Over the years... I have drifted in and out of different on line communities and different real life friend groups... as the kids have grown it's gotten a lot harder to winnow down "the perfect mother" into a neat little list of ways to be perfect... and a lot of these women now, these women who were once so proud of what it meant to be a women, what amazing things our bodies can do... they are leading the band when it comes to trans issues. Women I thought would have cheered their daughters on to bravely tackle puberty are instead telling their daughters, who are saying "I don't like this," that maybe they are trans. That boys can have periods, too. The maybe they are non-binary. They are quick to correct anyone on line who mentions women or girls and periods that "not only women have periods."

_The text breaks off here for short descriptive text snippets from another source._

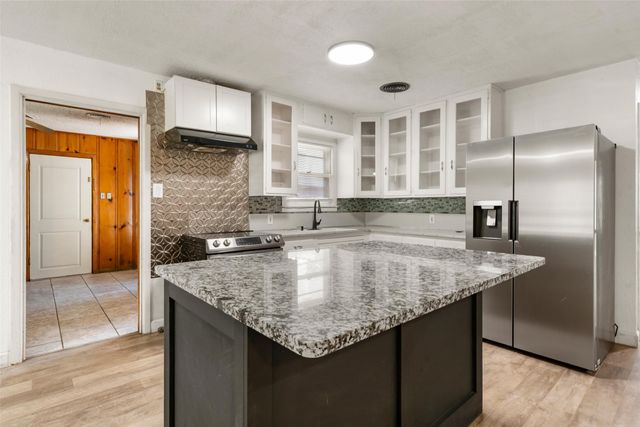 4108 Huaco Lane, Waco, TX 76710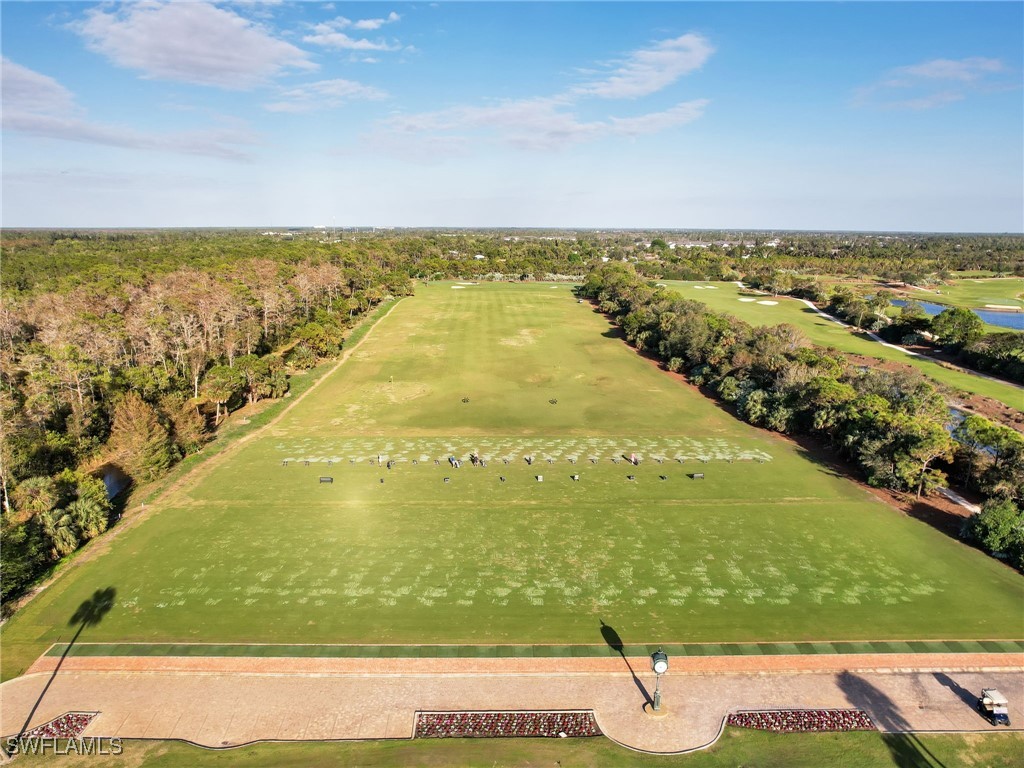 9584 Trevi Court #5213 Naples FL 34113 224099564 image49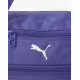 PUMA Fundamental Small Sports Bag Blue 34L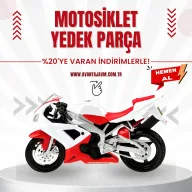 Avantajavm.com.tr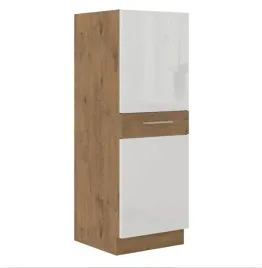 szafka-kuchenna-vigo-50-dk-145-1f-3s-bb-dab-lancelot-bialy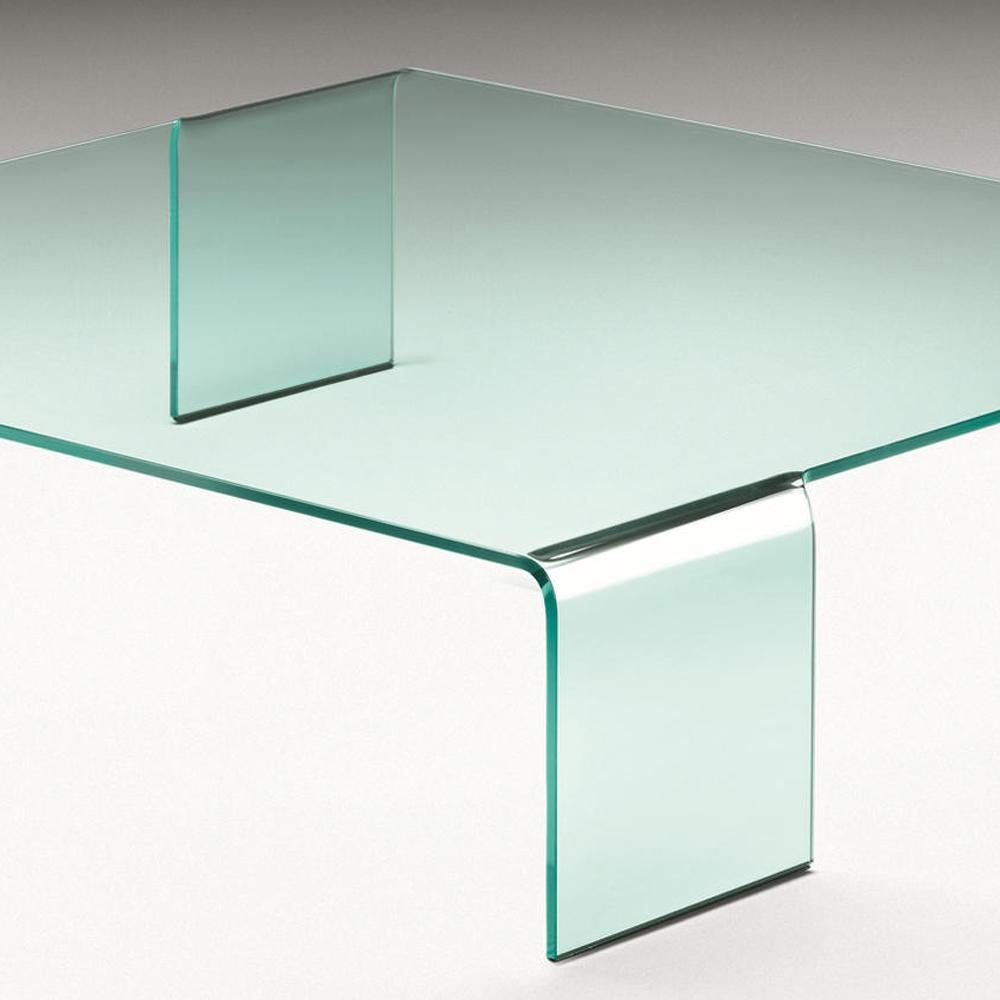 https://a.1stdibscdn.com/curved-glass-coffee-table-for-sale-picture-4/f_14282/1548336801018/Sans_titre_3_master.jpg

They are leading the parade with "transwomen are women!" and "sex work is work!" and so many other things that chip away at women's protections and what a wonderful thing it is to be a woman. They are happily erasing woman centered language from everything surrounding birth in the name of "inclusion."
I keep joking that "The Womanly Art of Breastfeeding" is going to be re-released as "The Peoply Art of Chestfeeding."
The shift in this population makes my head spin. Women you'd think would be strong supporters of our daughters as women - and our sons as men, really, since the goal was to be a good MOTHER, not only a good mother to daughters - have thrown themselves headlong into a movement that is destroying children's mental and sometimes physical health.